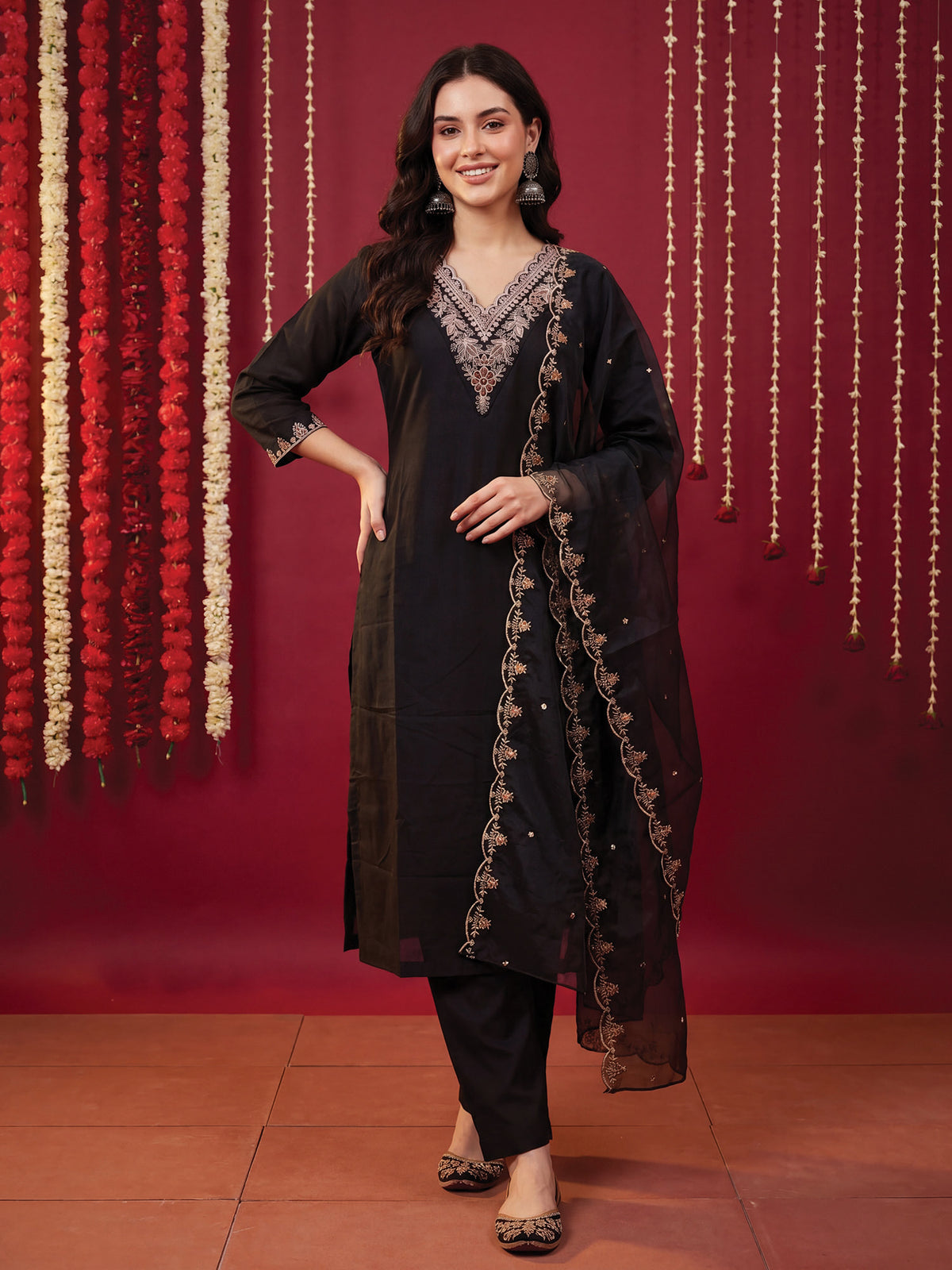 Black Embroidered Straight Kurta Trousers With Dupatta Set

══════════════════════════════

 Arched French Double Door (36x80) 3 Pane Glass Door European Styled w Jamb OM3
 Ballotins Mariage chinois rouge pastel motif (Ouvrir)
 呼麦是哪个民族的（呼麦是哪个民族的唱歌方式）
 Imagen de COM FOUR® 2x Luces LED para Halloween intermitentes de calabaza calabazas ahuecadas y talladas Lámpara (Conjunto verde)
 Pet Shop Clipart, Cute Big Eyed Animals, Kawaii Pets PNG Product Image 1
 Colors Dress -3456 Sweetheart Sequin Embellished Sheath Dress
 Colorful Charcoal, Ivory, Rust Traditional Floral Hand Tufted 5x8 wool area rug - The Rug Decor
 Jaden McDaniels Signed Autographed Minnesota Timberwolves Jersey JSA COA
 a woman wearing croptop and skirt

══════════════════════════════

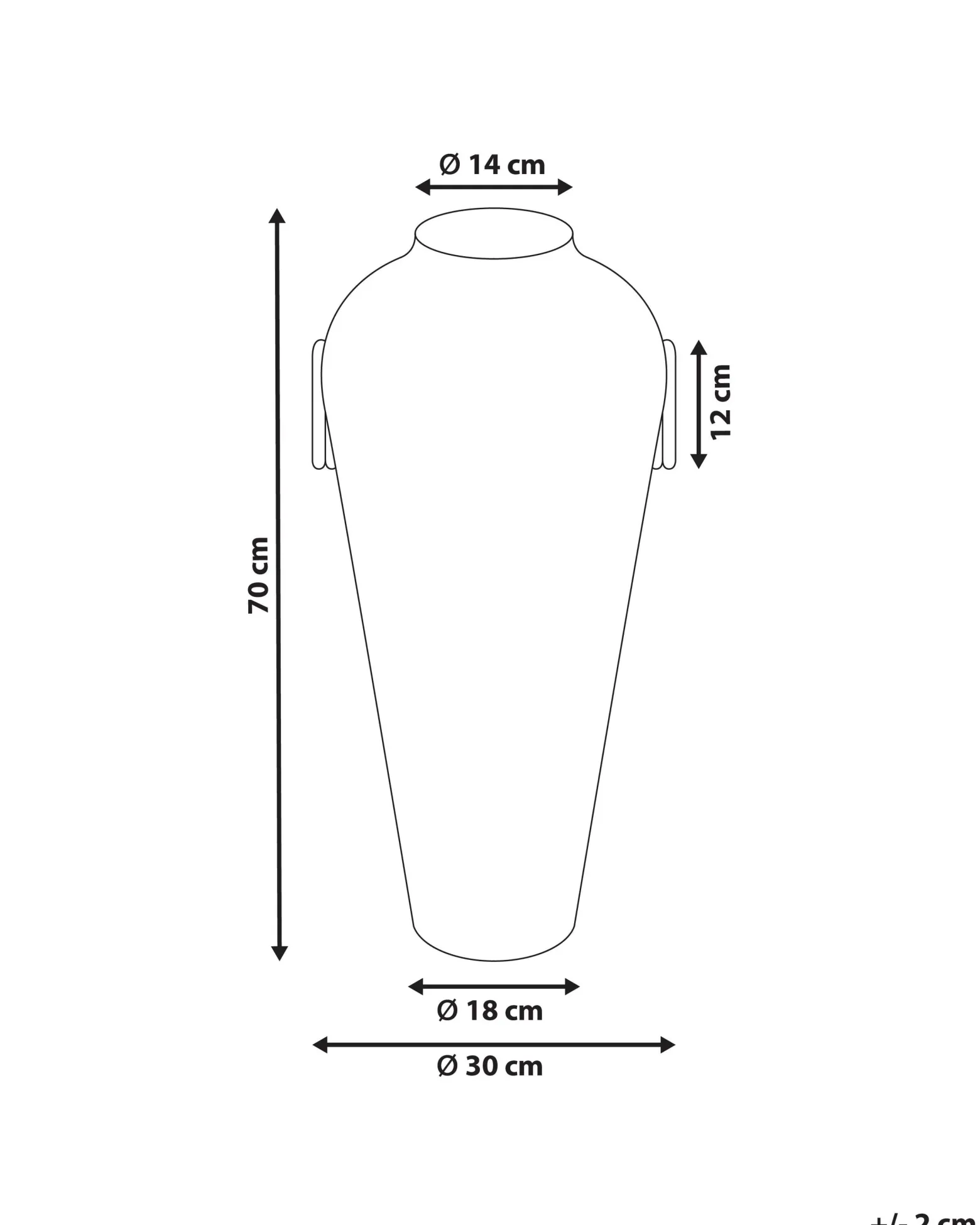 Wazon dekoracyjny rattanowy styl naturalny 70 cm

══════════════════════════════

* EXERCISE OBJECTIVE: What is needed is an exact copy of the lines above, from the one containing "Imagen de COM" through the one containing "a woman wearing croptop and skirt", with nothing added.

* TASK RESULT:
 Imagen de COM FOUR® 2x Luces LED para Halloween intermitentes de calabaza calabazas ahuecadas y talladas Lámpara (Conjunto verde)
 Pet Shop Clipart, Cute Big Eyed Animals, Kawaii Pets PNG Product Image 1
 Colors Dress -3456 Sweetheart Sequin Embellished Sheath Dress
 Colorful Charcoal, Ivory, Rust Traditional Floral Hand Tufted 5x8 wool area rug - The Rug Decor
 Jaden McDaniels Signed Autographed Minnesota Timberwolves Jersey JSA COA
 a woman wearing croptop and skirt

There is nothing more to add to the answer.